-- WORK ITEM --
Write the entries out again exactly as they stand, but without the pictures.
*** DATA SUPPLIED ***
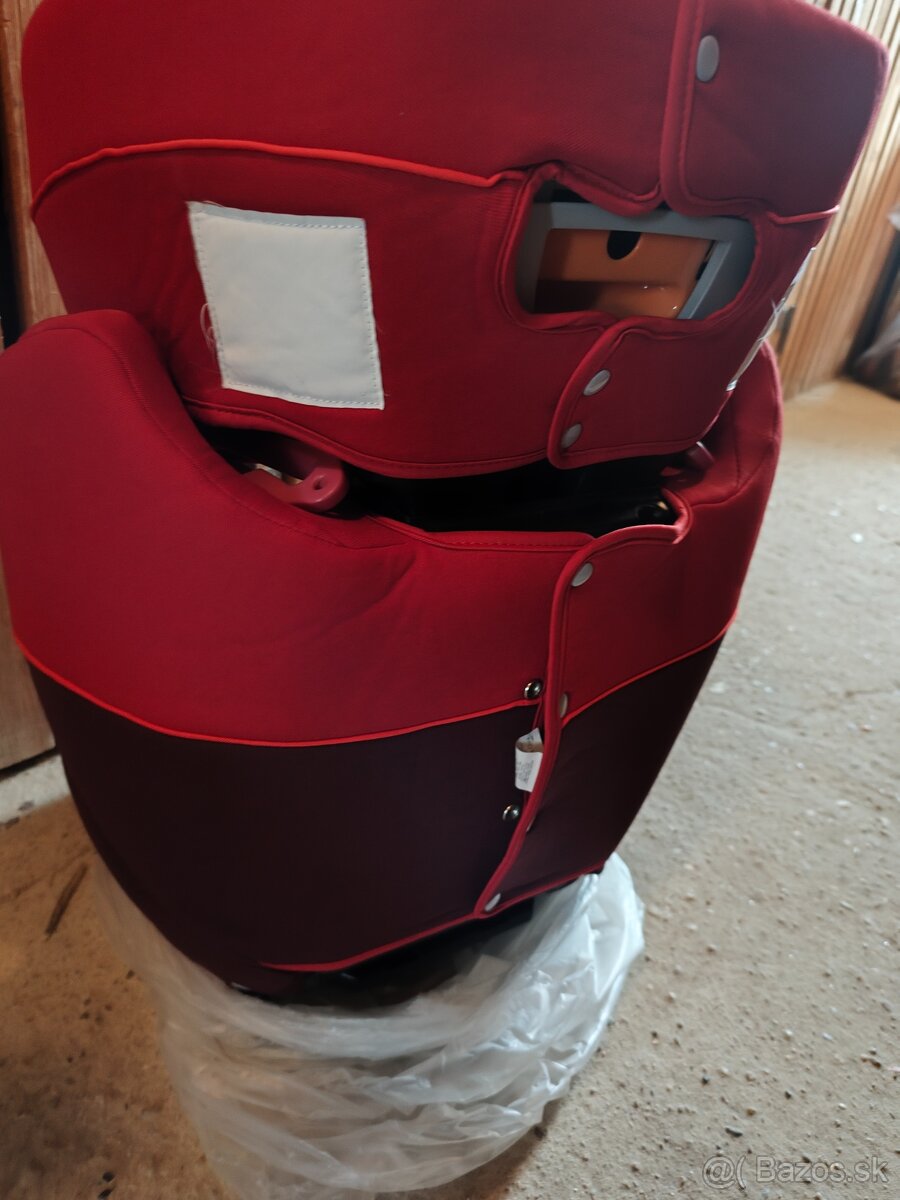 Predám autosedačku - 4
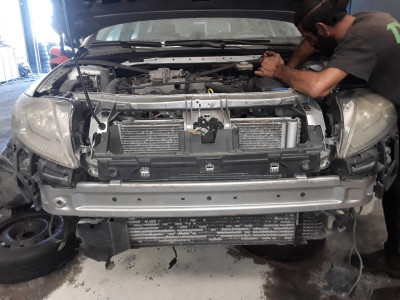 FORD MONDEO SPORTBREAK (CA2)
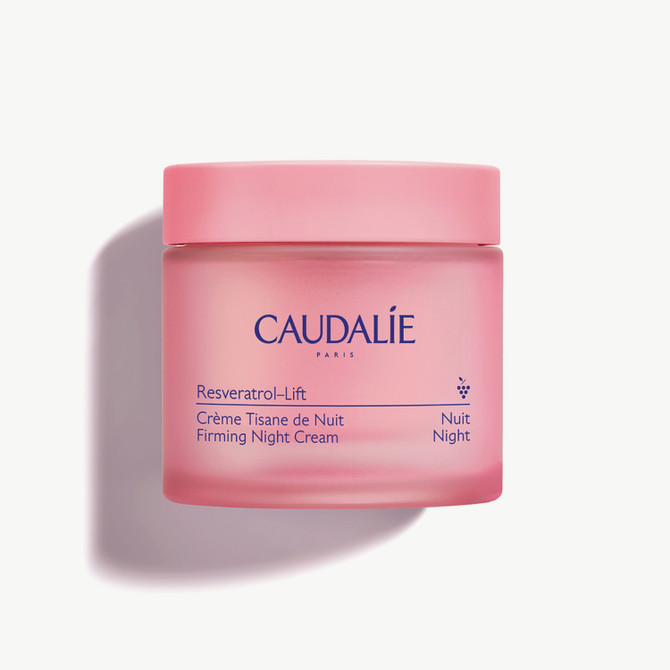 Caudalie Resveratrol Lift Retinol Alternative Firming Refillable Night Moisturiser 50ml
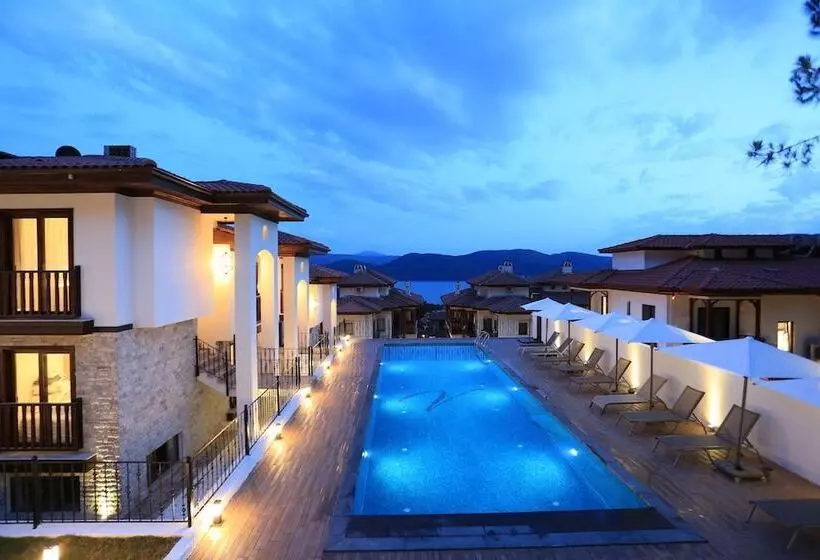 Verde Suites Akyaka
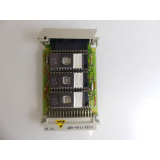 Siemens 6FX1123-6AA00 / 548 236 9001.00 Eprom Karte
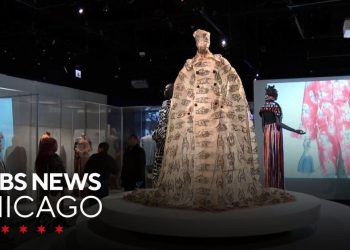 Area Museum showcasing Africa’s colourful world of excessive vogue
*** End of DATA SUPPLIED ***
-- TASK ANSWER --
 Predám autosedačku - 4
 FORD MONDEO SPORTBREAK (CA2)
 Caudalie Resveratrol Lift Retinol Alternative Firming Refillable Night Moisturiser 50ml
 Verde Suites Akyaka
 Siemens 6FX1123-6AA00 / 548 236 9001.00 Eprom Karte
 Area Museum showcasing Africa’s colourful world of excessive vogue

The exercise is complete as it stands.